By November 30, 2023December 5th, 2023Blog

Mark Padgham, a Software Research Scientist for rOpenSci, has decades of experience in R, C, and C++, and maintains many packages on CRAN. Mark is leading the development of the deposits R package. Mark has been supported throughout this project by rOpenSci staff.

Publicly depositing datasets associated with published research is becoming more common, partly due to journals increasingly requiring data sharing and partly through more general and ongoing cultural changes with data sharing. Yet data sharing is often seen as time-consuming, particularly to meet the expectations of individual data repositories. While documentation and training can help familiarize users with data-sharing processes, browser-based data, and metadata submission workflows can only be so fast, are not easily reproduced, and do not facilitate regular or automated data and metadata updates. Better programmatic tools can transform data sharing from a mountainous climb into a pit of success.

deposits is a universal client for depositing and accessing research data in online deposition services. It provides a unified interface to many different research data repositories, which functions like dplyr, through “verbs” that work identically across many backend data repositories. 

Currently supported services are Zenodo and Figshare. These two systems have fundamentally different APIs and access to deposition services has traditionally been enabled through individual software clients. The deposits package aims to be a universal client offering access to a variety of deposition services, without users having to know any specific details of the APIs for each service.

The deposits package works seamlessly with the “frictionless” data workflow, to enable unified documentation of all aspects of datasets in one place. 

Outside of his work at rOpenSci, Mark has a passion for urban environments and understanding how cities can be improved. He is the lead developer of the Urban Analyst platform, ‘a platform for open-source, open-access interactive visualizations of urban structure and function.’ Mark says, “Cities cannot learn; therefore, I built a data platform for cities to learn from one another.”

RC: Doesn’t data sharing take too much time and too much effort? What is Deposits and what does it do? What problem are you solving?
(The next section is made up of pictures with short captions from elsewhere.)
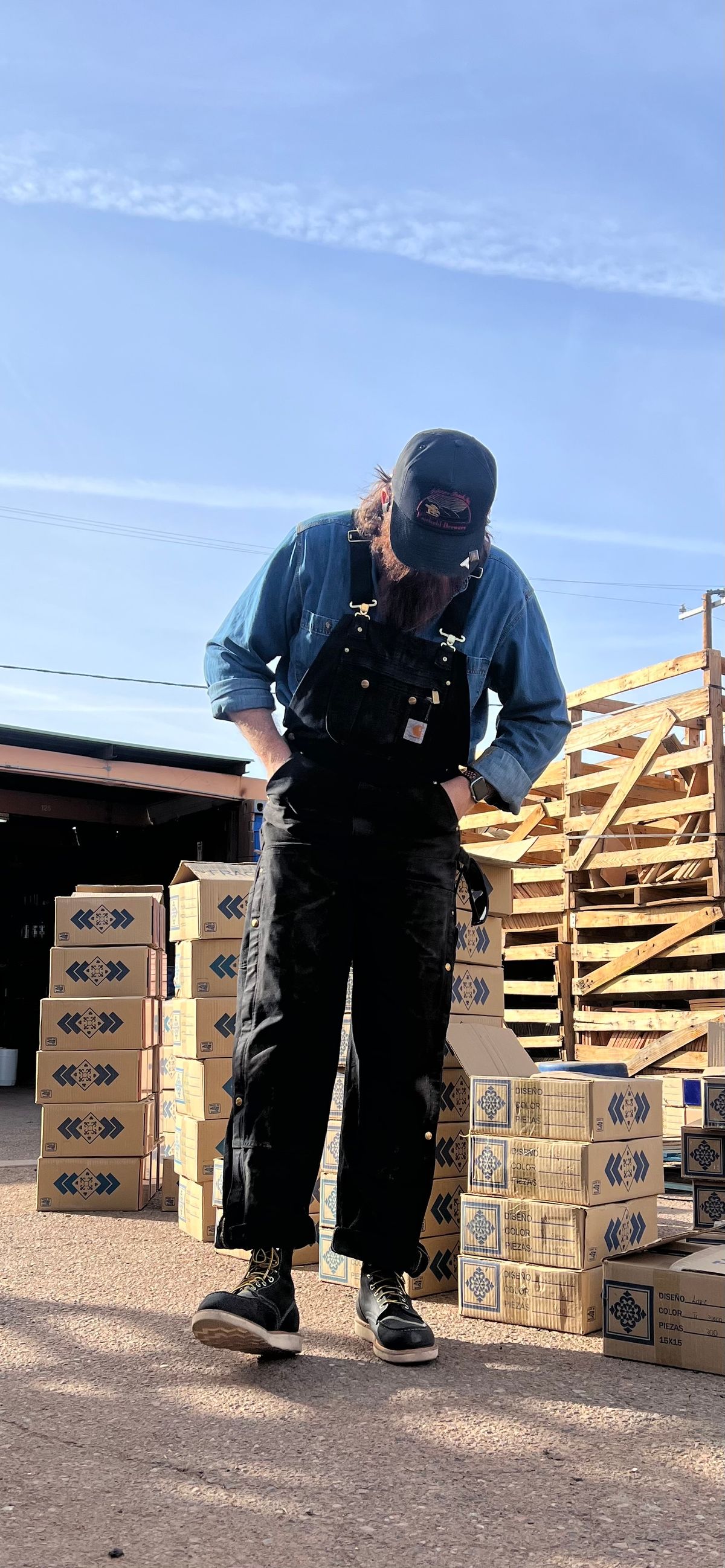 Photo by bootsnfloors on December 11, 2024 of the White's Perry 8" in Seidel Black Oil Tan.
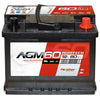 Versorgerbatterie Panther AGM 12V 60Ah Front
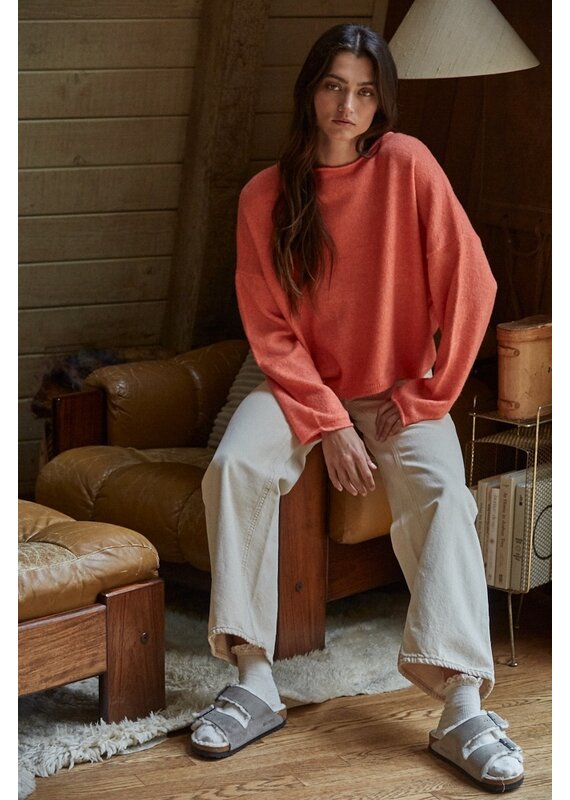 By Together Maggie Rolled Round Neck Sweater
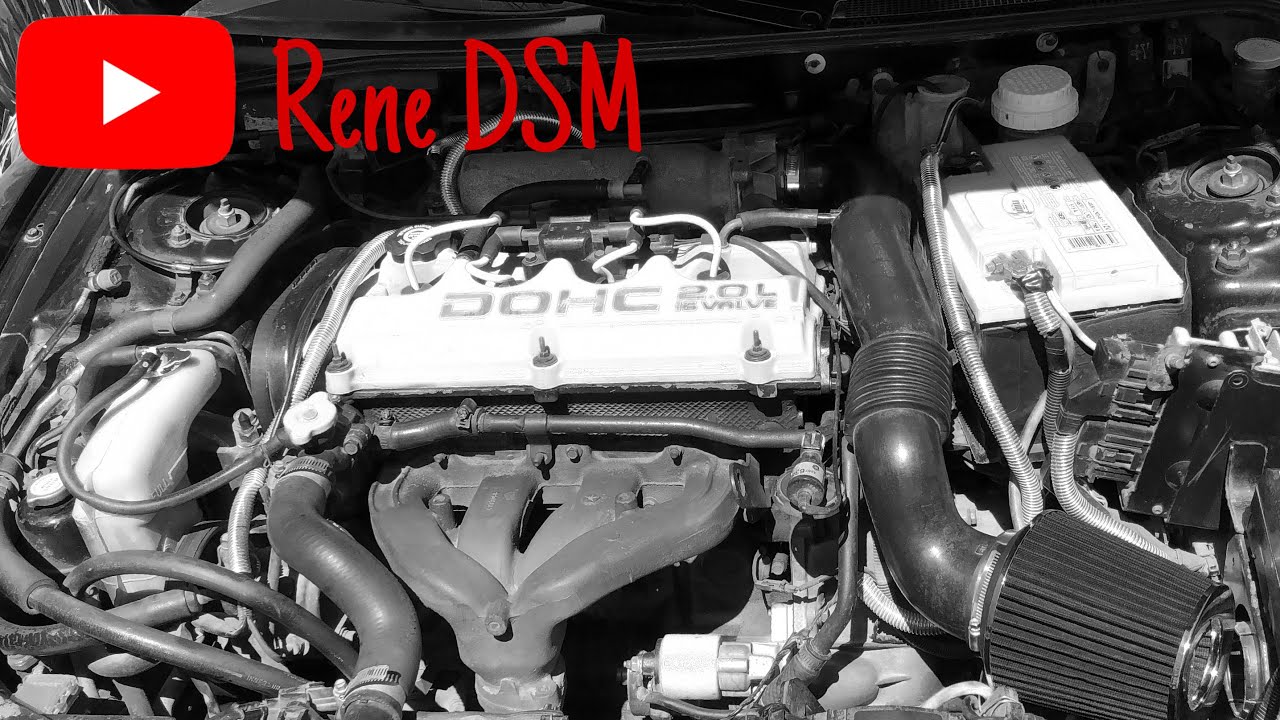 Pintando tapa de motor! | Eclipse 2G | Rene DSM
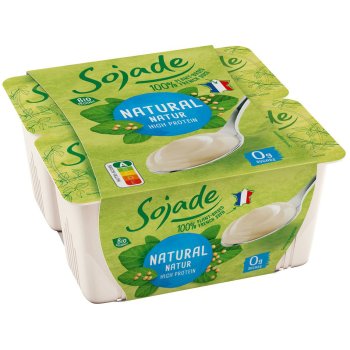 *RABAIS: DLUO 01.11.25* Sojade So Soya! Nature, Bio, 4x100g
Data sharing takes time and effort; everyone sharing from different places makes it hard to sync up. However, the deposits R package creates a common workflow for R users. It aims to streamline the data-sharing process. 

It addresses the issue of disparate data-sharing locations by creating a standardized workflow, simplifying the process for researchers. All deposits are initiated on the nominated services as “private” deposits, meaning they can only be viewed by the deposit owner until the owner decides. A deposit can only be publicly viewed once it has been published. The process of using deposits to prepare one or more datasets for publication involves multiple stages of editing and updating.

RC: How far along are you on the project? Currently supported services are zenodo and figshare. Will you be adding more?

Currently, the project provides support for Zenodo (CERN’s Data Centre) and Figshare (Open Data) as the initial services. There are plans to expand and include more repositories in the future. 

The team is working on integrating additional services, and there is a possibility of securing further funding for the Harvard Dataverse system, which operates as a federated rather than a centralized system. Integrating the DataVerse system presents additional complexities due to its federated nature, requiring more intricate API handling with greater flexibility but potentially posing challenges in adopting the workflow. 

RC: Have users contributed their own plugins to extend functionality to other repositories?

deposits is implementing a modular/plugin system to enable users to contribute their own plugins to extend functionality to other repositories. Users will be able to authenticate, prepare data and metadata, and finally submit, fetch, and browse data.

Actual activity around plugins has been a little slow so far. We are writing a JSON Schema for the system which will improve the process. We will be seeking people to build plugins after more adaptations are done and documented. Actually, I would not recommend regular users try to extend deposits to other repositories yet. But that is coming soon!

Preparing the data is a barrier, mainly during preparation. deposits is made to run workflows, documenting all the columns in a data table. By using deposits, there will be a completely painless, single update function. 

RC: What was your experience working with the R Consortium? Would you recommend applying for a grant to others?

Yes! The application process was painless and straightforward. In fact, I got a second grant recently. I’m very thankful for the support.

The only off-putting part of the process was no guidance on how much to ask for. You are fully enabled to submit it on your own. This is good, and I appreciate the outcome, getting financial support. But giving applicants better overall guidance would be very helpful. The R Consortium should make the application process more inclusive with more consultation.